Я испуганно сжалась. Даже Жерард ведь не догадался!
- Как вы узнали?!
- По ауре – у беременных женщин она всегда как будто сияет. И взгляд направлен внутрь себя.
Я облизала пересохшие от волнения губы.
- Вы ведь не станете угрозами требовать от меня прикрывать ваш обман в очередной раз? – он развернулся ко мне всем телом и теперь смотрел в упор – от такой прямоты я даже опешила.
- Вы не верите, что нам и правда удалось связаться с богами? – спросила я, прислушиваясь к пафосной вступительной речи Жерарда, который называл на светочем новой надежды и призывал внимательно запоминать и записывать каждое наше слово, которое после может трактоваться совершенно неожиданным способом и спасти весь мир в решающий момент.
- За всех не скажу, но мои предки были сподвижниками Безликого, кое-какие воспоминания о нем до сих пор хранятся в моей семье, и если хоть часть из них правда, он никогда бы не стал участвовать в этом балагане, даже если и вправду был богом, которого можно воскресить.
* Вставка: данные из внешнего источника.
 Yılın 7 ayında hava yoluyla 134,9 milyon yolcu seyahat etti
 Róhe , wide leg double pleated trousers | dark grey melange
- Он и вправду… бог, - только и смогла ответить я.
- Скажите, оно того стоило? – не унимался Гэвин, заставляя мои щеки пылать от стыда. – Вся эта жуткая краска на лице и ложь во имя чужих целей?
- А вы сами разве не такой же? Использовали Микаша в своих целях, а теперь нашли кого-то лучшего, а его, его мечты, преданность и даже дружбу – на помойку? Другого места он попросту не найдет, а без ордена жить уже не сможет.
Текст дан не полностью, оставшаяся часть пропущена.